The Rambam writes in Hilchos Issurei Bia Perek 13 Halacha 17:

גר שלא בדקו אחריו או שלא הודיעוהו המצות ועונשן ומל וטבל בפני ג' הדיוטות ה"ז גר. אפילו נודע שבשביל דבר הוא מתגייר הואיל ומל וטבל יצא מכלל העכו"ם וחוששין לו עד שיתבאר צדקותו. ואפילו חזר ועבד כו"ם הרי הוא כישראל מומר שקידושיו קידושין. ומצוה להחזיר אבידתו מאחר שטבל נעשה כישראל. ולפיכך קיימו שמשון ושלמה נשותיהן ואע"פ שנגלה סודן

Although this seems b'dieved clearly the Rambam holds that if the person did not know about the mitzvos (thus did not accept them) that they would still be considered a Jew.

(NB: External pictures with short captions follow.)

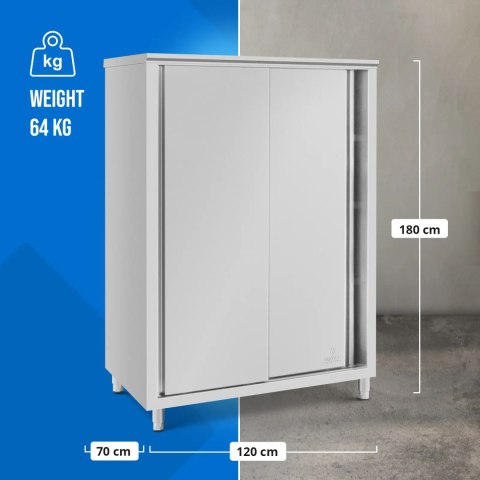 Szafa gastronomiczna z drzwiami suwanymi STAL 120 x 70 x 180 cm Szafa gastronomiczna z drzwiami suwanymi STAL 120 x 70 x 180 cm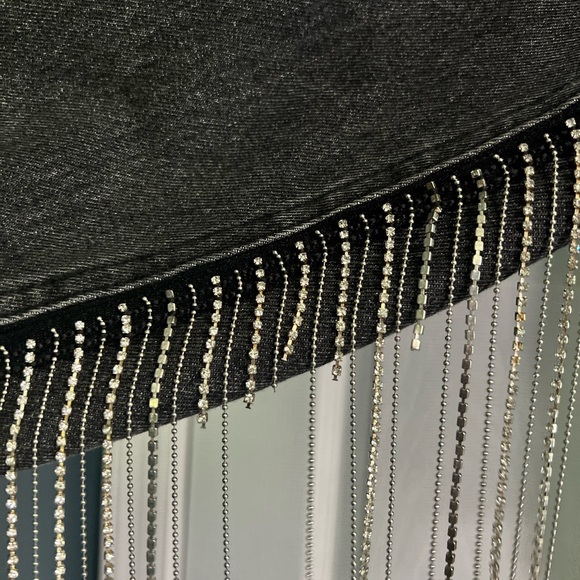 Le Lis Rhinestone Fringe Denim Jacket size Small - Picture 5 of 7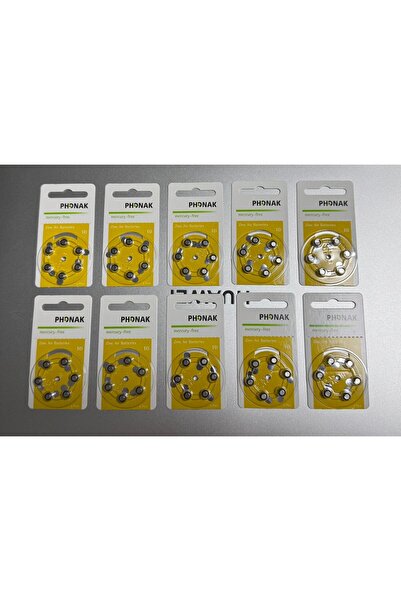 PHONAK İşitme Cihazı Pili 10. 10 Adet 10x6. 60 Tane Pil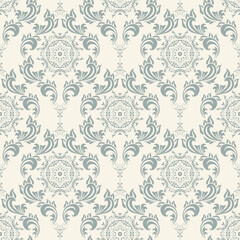 Fototapeta premium Seamless decorative ornament on background. Floral ornament on background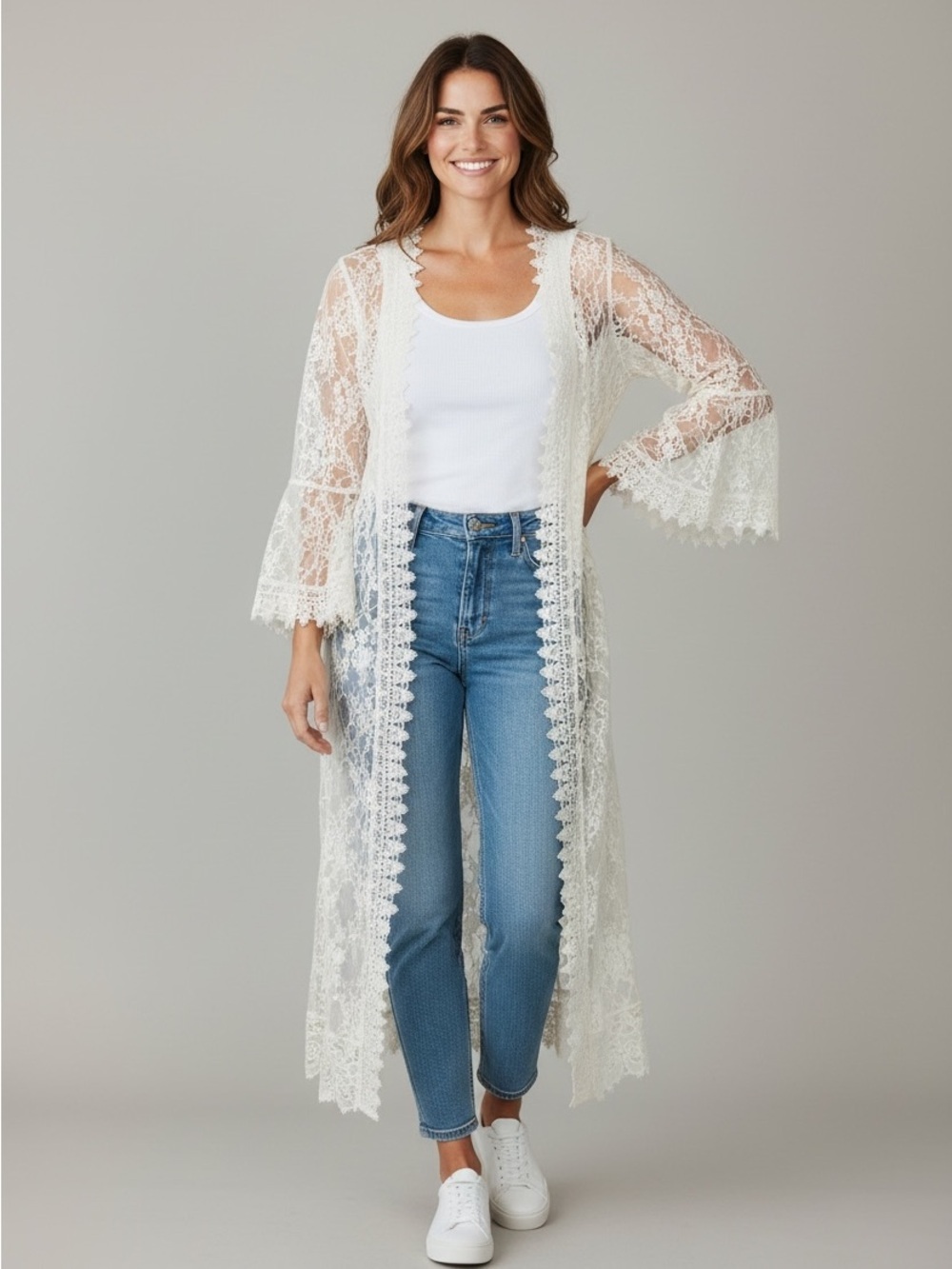 Polly & Esther Lace Duster Kimono Bell Sleeve Boho Festival Coquette Cover Up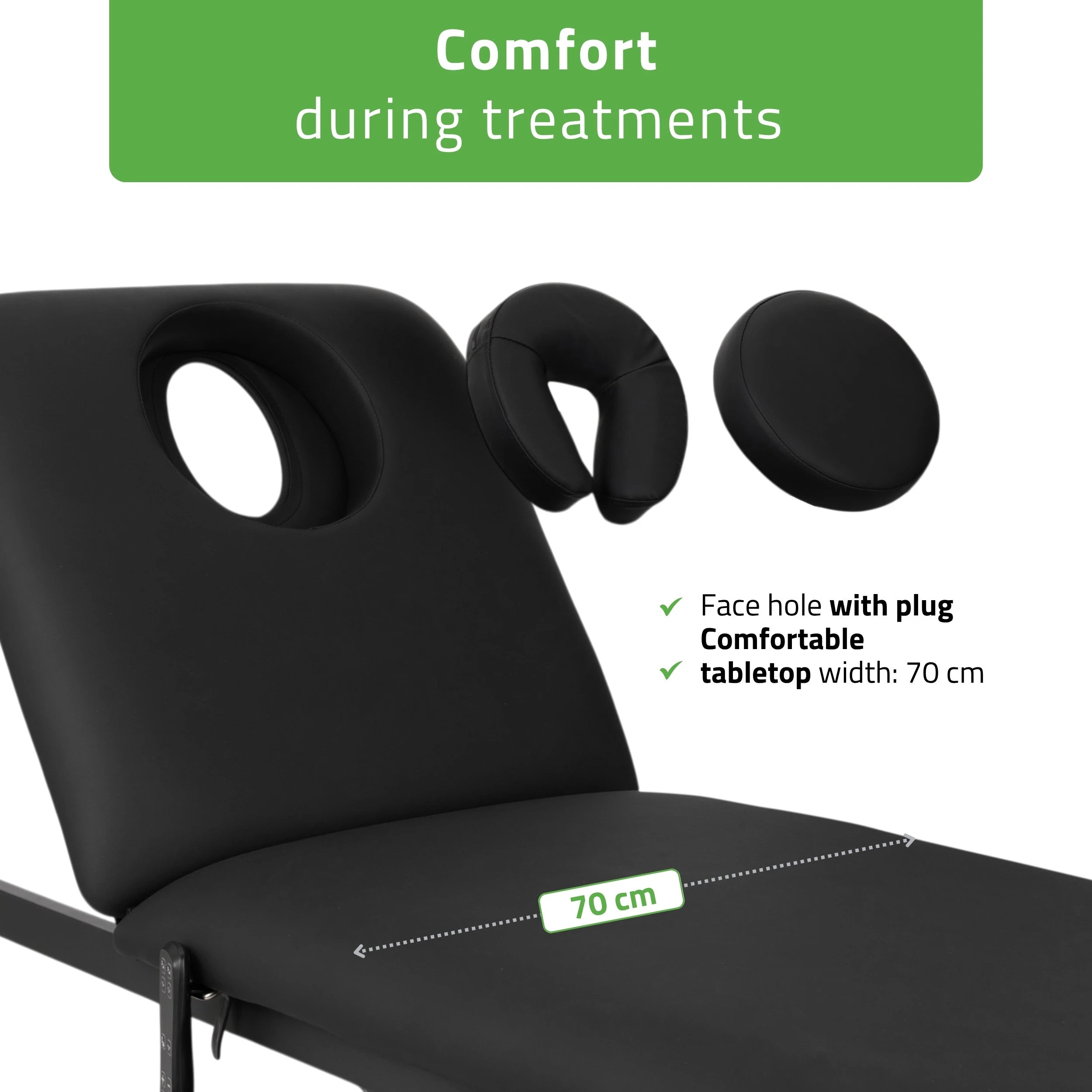 Electric treatment table Estella ERGO 2, k715 black – 2 motors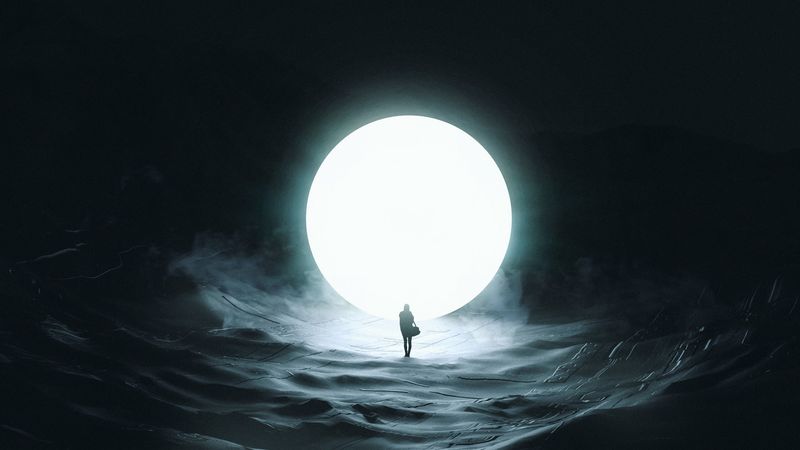 silhouette, moon, ball, glow, dark, 4k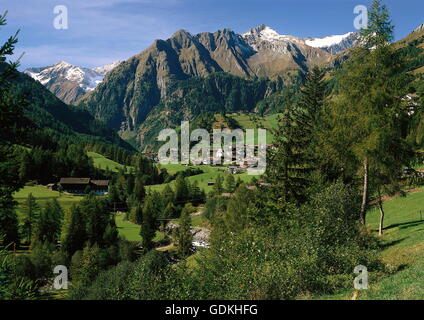 geography / travel, Austria, Tyrol, Praegraten, city view / city views, municipality, Virgen Valley, East Tyrol, Mauerer Mountains, Stock Photo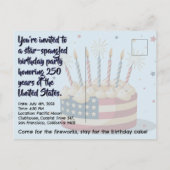 Amerika's Grote 250e Verjaardagsfeest Uitnodigings Briefkaart (Achterkant)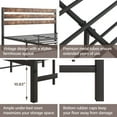 thumbnail image 4 of SESSLIFE Brown Queen Metal Bed Frame, High Metal Platform Bed w/ Wood Headboard, Modern Bed Frame with Under Bed Storage, Non-Slip, No Box Spring Needed, Easy Assembly, 4 of 10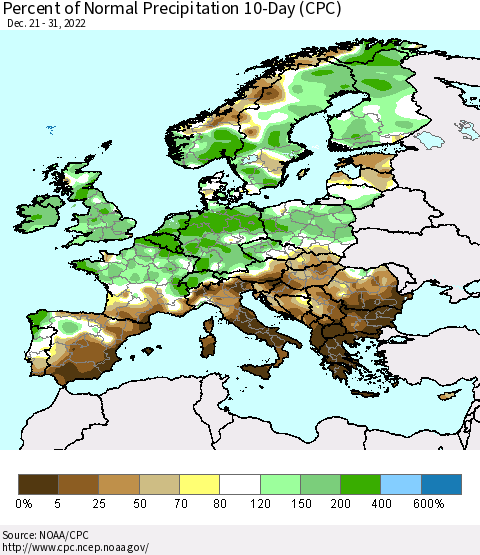 Europe Percent of Normal Precipitation 10-Day (CPC) Thematic Map For 12/21/2022 - 12/31/2022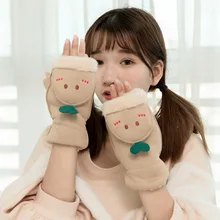 Feminino metade do dedo luvas térmicas engrossar presente luvas outono inverno mão mais quente lã artificial malha flip luvas macias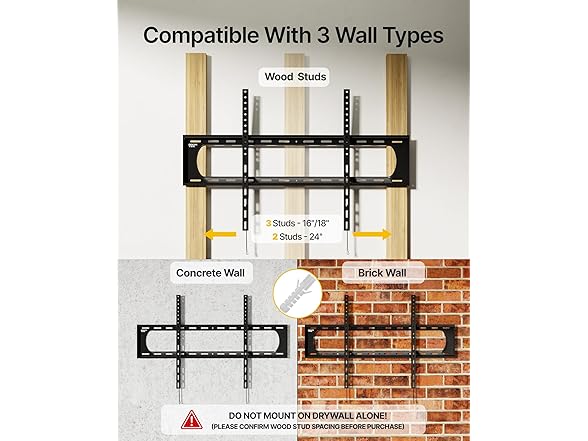 monTEK Heavy Duty Fixed TV Wall Mount | 60-120"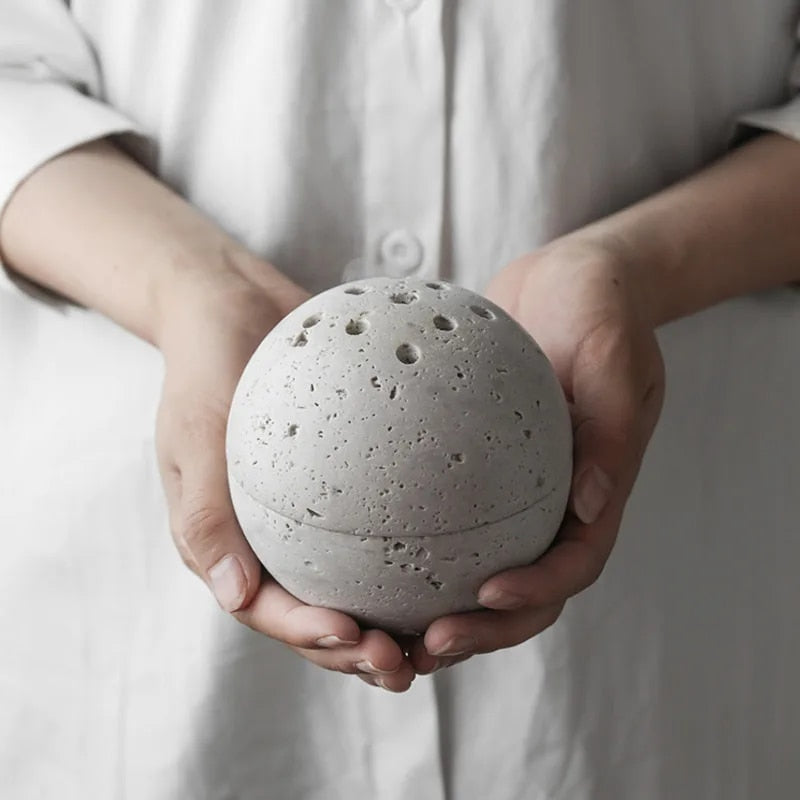 Marble Stone Incense Burner With Cave Hole Design In 7 Colours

The Bach writes in Yoreh Deah Siman 268 that according to the Rambam if the potential Ger didn't accept the mitzvos, "כשר אע"פ שלא היה לשם קבלת מצוות כל עיקר".

Although the Shulchan Aruch doesn't rule like this l'halacha I'd like to know if there are any other Rishonim or earlier poskim that also held like this?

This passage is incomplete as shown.